RuntimeError: Initialization failed

Greetings, everybody. Trying to model a probability of goal from a shot using a bernoulli logit model. I have a working implementation in PyStan in Jupyter Notebook, but the sampling isn’t run. This code trhow me an initialization error.

goals_model = """
data {
    int<lower=0> N; // number of observations (8238 solo jugadores con >5) (8451 todos los tiros)
    int players; // number of players (331 solo jugadores con >5) (426 todos los jugadores con tiros)
    int glk; // number of goalkeepers 38
    int zones; // number of field zones 8
    int time; // number of time frames 7
    int res; // types of results (winning, losing, tying)
    int loc; // localia
    int<lower=1,upper=players> player_id[N];
    int<lower=1,upper=glk> glk_id[N];
    int<lower=1,upper=zones> cat_zone[N];
    int<lower=1,upper=time> time_frame[N];
    int<lower=1,upper=res> cat_res[N];
    int<lower=1,upper=loc> localia[N];
    int goal[N]; // dependent variable
parameters {

    real alpha; // intercept
    vector[players] beta_player; // coefficient associated with each player
    vector[glk] beta_glk; // coefficient associated with each goalkeeper
    vector[zones] beta_zones; // coefficient associated with each zone
    vector[time] beta_time; // coefficient associated with each time frame
    vector[res] beta_res; // coefficient associated with each result
    vector[loc] beta_loc; // coefficient associated with each type of localia
    real epsilon; //Uncertainty / unexplained variance
model {
    // priors
    alpha ~ normal(0,1);
    beta_player ~ beta(3.44,7.34);
    beta_glk ~ normal(-0.05,0.38);
    beta_zones ~ normal(-0.17,0.58);
    beta_time ~ normal(-0.23,0.37);
    beta_res ~ normal(-0.5,0.5);
    beta_loc ~ normal(-0.78,0.6);
    goal ~ bernoulli_logit(alpha + beta_player[player_id] + beta_glk[glk_id] + 
        beta_zones[cat_zone] + beta_time[time_frame] + beta_res[cat_res] + beta_loc[localia]);

When i tried with this settings, the initialization it does not start.

goal_fit = goal_reg.sampling(data=datos,
                          iter=2000, chains=4,
                          warmup=500, n_jobs=-1,

I hope you can help me.

You need to set bounds on some of your parameters. The first that jumps out to me is beta_player – your beta distribution prior restricts this parameter to be between 0 and 1. In your parameters block, you likely should have vector<lower=0,upper=1>[players] beta_player;.

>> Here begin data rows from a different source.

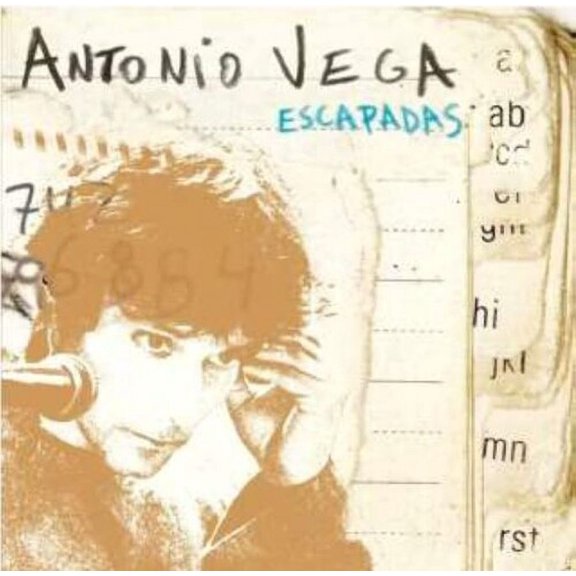 Antonio Vega - Escapadas - Music & Performance - Vinyl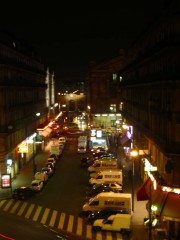 Rue de compienes : nuit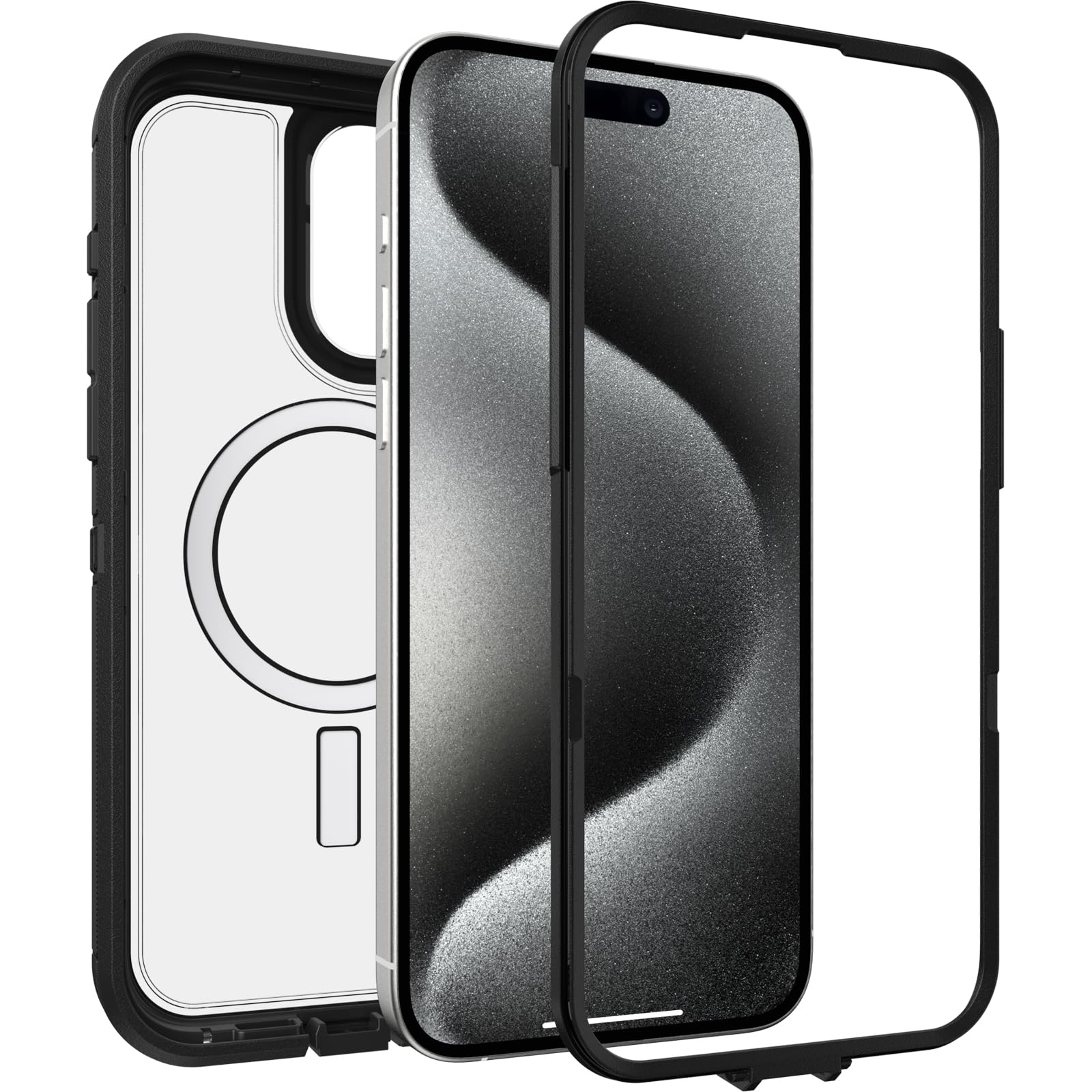 Foto 5 pulgar | Funda Para Teléfono Otterbox Defender Series Xt Clear Para Iphone 15 Pro Max - Venta Internacional.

When the initialization starts, it starts the sampler in range across the reals by default. As you have no bounds on beta_player, it tries to sample values outside of the support of the beta distribution and throws errors due to the conflict.

Also, you define a parameter epsilon, did you intend to use that in your model?

1 Like

Thanks, i will try again. Do you know if the settings of “n_jobs” or “seed” affects?

Those parameters should not affect this error.